Monica: Would you say that writing this book has helped you to stay grounded?
Marc: There’s no doubt, Monica. It’s been an emotional ride. I went to visit all the places from my childhood — Yonkers, back to the same swings that I was on as a child, Florida, back to the school where I had the seizure. That made me more effective in writing and visualizing.
Monica: Who is the audience for Adversity Defeated?
Marc: It’s a very quick read with some humor. People like that. Sixth graders up to adults read it. Both parents and their children. It’s rare to find a book that teens and parents can relate to and discuss.
In 2017, I donated 30 books to a school in Uganda and I had a Skype session with them. During the call a 13-year-old girl said, “Mr. Hoberman, I loved your book but something was strange. You wrote that when you had a seizure, people ran towards you to help you.”

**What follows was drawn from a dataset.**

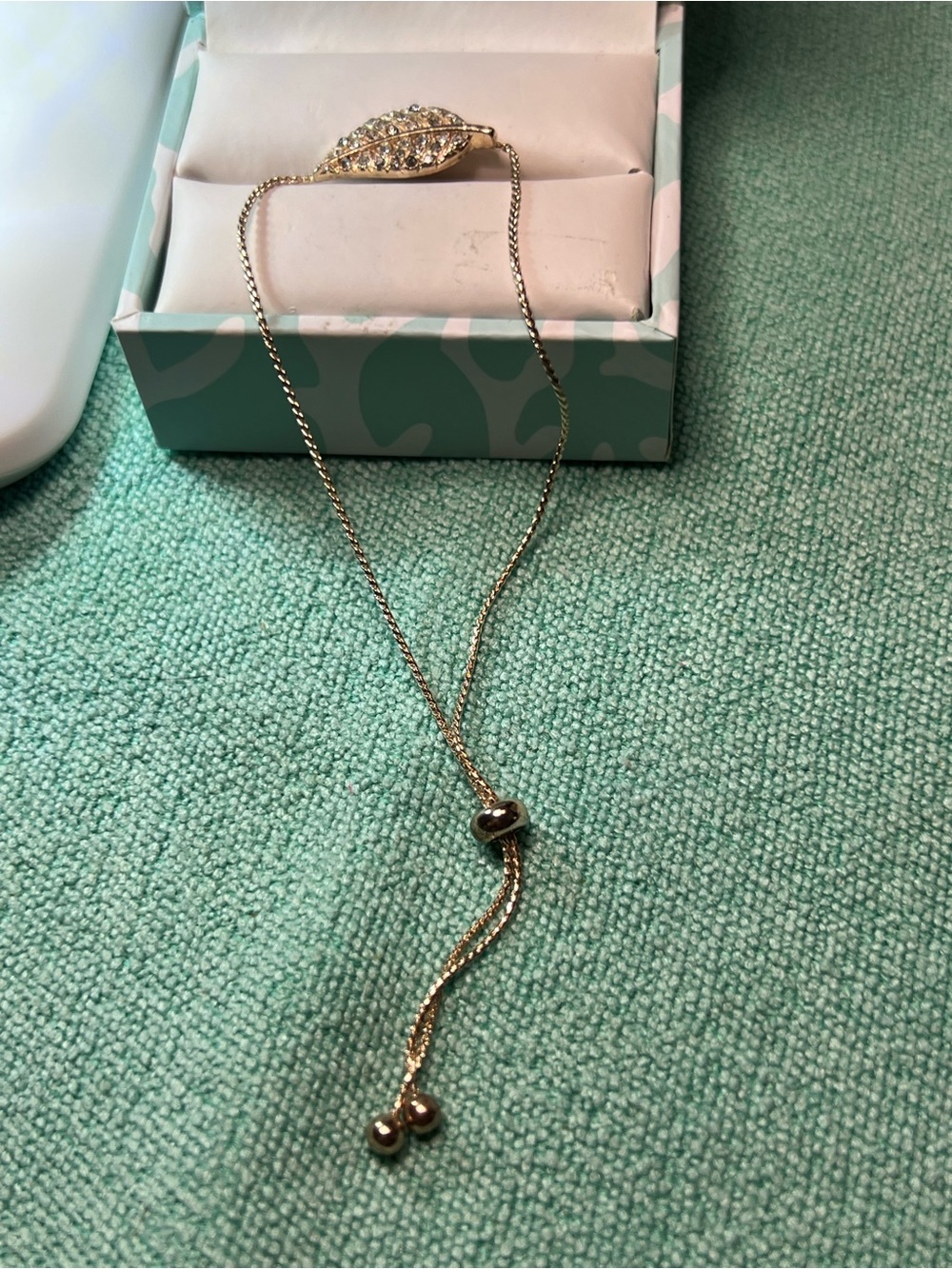 New Fashion Gold Leaf Slider Bracelet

She continued, “Here in Uganda, if somebody has a seizure, people run away because it’s a sign of the devil.”
That threw me for a loop. How could anybody think that something like that is the sign of the devil? Lo and behold, in that area of the world, that’s what they thought.
Monica: Through all your years teaching, what have you learned from your students?
Marc: I have learned so much about inner strength and perseverance. All of my 33 years teaching were at schools in economically depressed areas. Most of the schools have 70 to 85 percent students on free and reduced lunch. The school I retired from must’ve had a very high number of students who were immigrants. After the earthquake in Haiti, the largest number of people who came to the United States came to Spring Valley, New York, in Rockland County.
So, although I speak about how depressed I was to be displaced from the Yonkers to Florida, there are people who have been displaced from one country to another. That was all too familiar in that school. Academically some of them aren’t as far along, but the inner strength, love, wants, needs, desires, and hopes for the future are so powerful in these young people. It’s a wonderful thing to see.
Monica: Where can people go to learn about your tutoring service?
Marc: They can go to www.gradesuccess.com. My author site is www.marchoberman.com. I’ve also partnered with Susan Brender whose career spans 40 years in radio and podcasting. We’re helping schools create podcasts to inform parents and the community about what’s going on. Information about that can be found at www.educationalflame.com.
Monica: What are the top five lessons you’ve learned that enable you to thrive?
Marc: One is listening, for sure. What I’m meeting people at their reality, listening is very important. When I do peer mediation and conflict resolution, it’s not about what people want. It’s about what people need. Meeting people at their reality and finding out what they need makes a big difference, especially working with teenagers.
Becoming your own support system, building your own self-confidence, and research. Research helped me. We didn’t have the internet when I was diagnosed. I can find out more about epilepsy in 45 minutes today than I could in two months when I was diagnosed at age 17.
There’s a famous line from Julius Caesar by Shakespeare: “Keep your friends close, but your enemies closer.” Epilepsy was my struggle. It was my enemy. I made it my friend. I learned more about it. I didn’t take just any old doctor’s word for it. You have to be an advocate for yourself.
Those five things are pretty much what have shaped me and helped me overcome many obstacles in life. I’ve had parents pass away, relatives and friends get sick, business struggles, teaching struggles. Every day is not rosy. To be able to keep your eye on the ball and know that a bad day doesn’t define who you are. It’s how you react to it that will define who you are.
Monica: I would love for you to close with your last word.
Marc: I’ll go with my mantra for my book and life, and it’s easier said than done: Don’t let your struggles define you. You define you.